» Your task: Set down precisely the lines from the line with "Brünnhilde kysser ringen" through the end of the material, inclusive, and no pictures.

» Collected material:
########
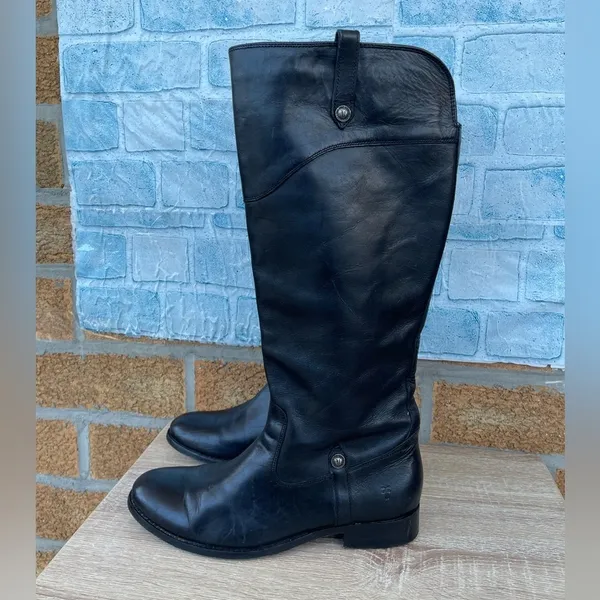 Frye Melissa Button Black Leather Knee High Riding Boots. 8.5 B - Image 2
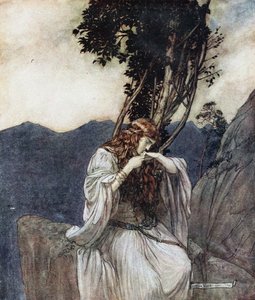 Brünnhilde kysser ringen som Siegfried har lagt igjen hos henne. Illustrasjon for Siegfried and The Twi av Arthur Rackham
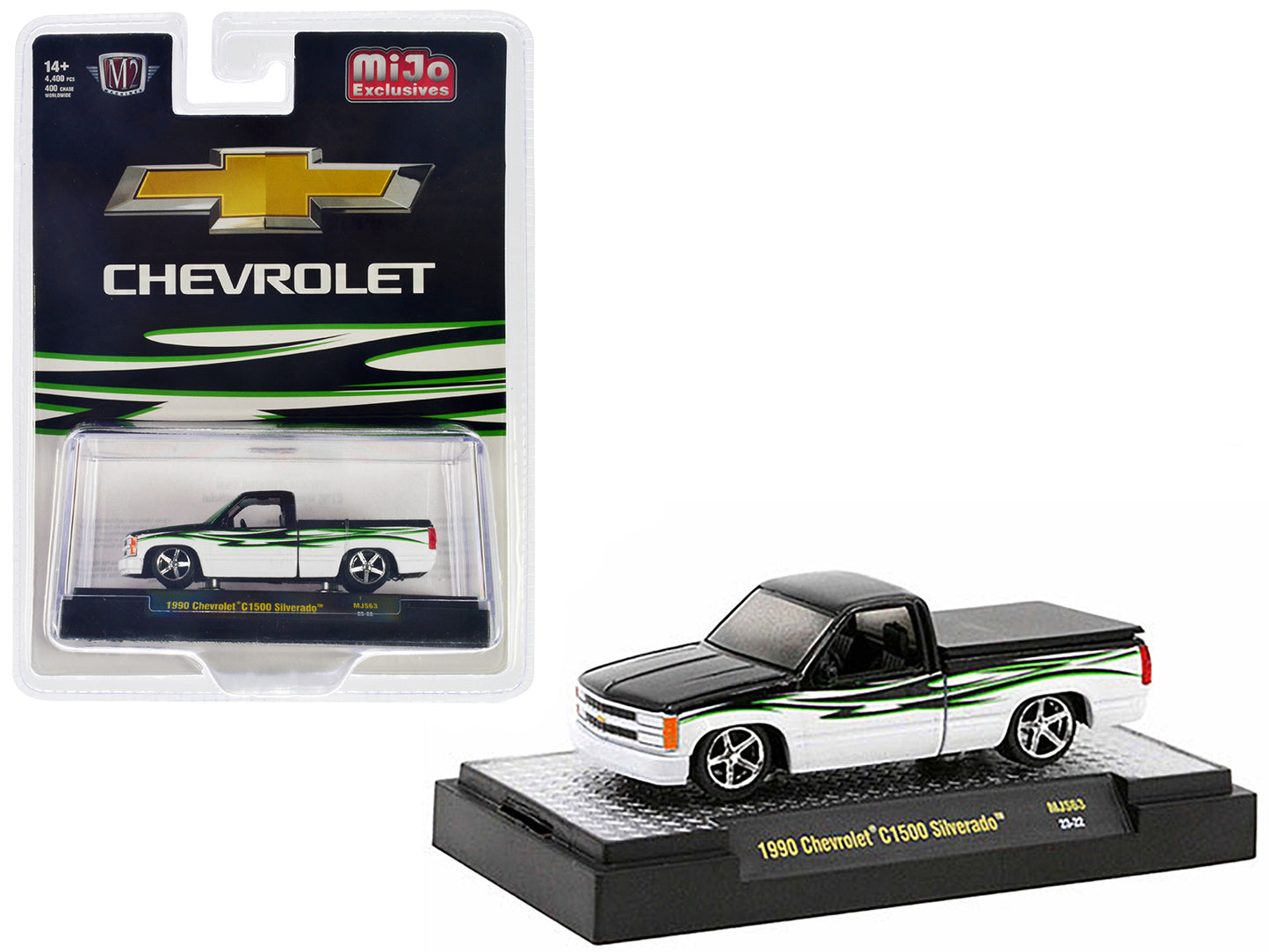 Brand new 1/64 scale diecast car model of 1990 Chevrolet C1500 Silverado Pickup Truck Black and White with Graphics Limited Edition to 4400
########
» Exercise result:
 Brünnhilde kysser ringen som Siegfried har lagt igjen hos henne. Illustrasjon for Siegfried and The Twi av Arthur Rackham
 Brand new 1/64 scale diecast car model of 1990 Chevrolet C1500 Silverado Pickup Truck Black and White with Graphics Limited Edition to 4400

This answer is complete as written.